◆ **Problem requirements**
Set down the line that contains "Kia Venga 1.4 CRDi M - 16" and every line after it to the end of the entries, exactly as they stand and nothing more.

++++ Dataset records

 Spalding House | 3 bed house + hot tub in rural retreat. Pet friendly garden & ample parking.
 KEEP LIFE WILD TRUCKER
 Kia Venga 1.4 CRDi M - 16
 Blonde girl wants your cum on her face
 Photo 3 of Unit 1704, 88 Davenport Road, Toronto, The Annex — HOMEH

++++++++

◆ **Task answer**
 Kia Venga 1.4 CRDi M - 16
 Blonde girl wants your cum on her face
 Photo 3 of Unit 1704, 88 Davenport Road, Toronto, The Annex — HOMEH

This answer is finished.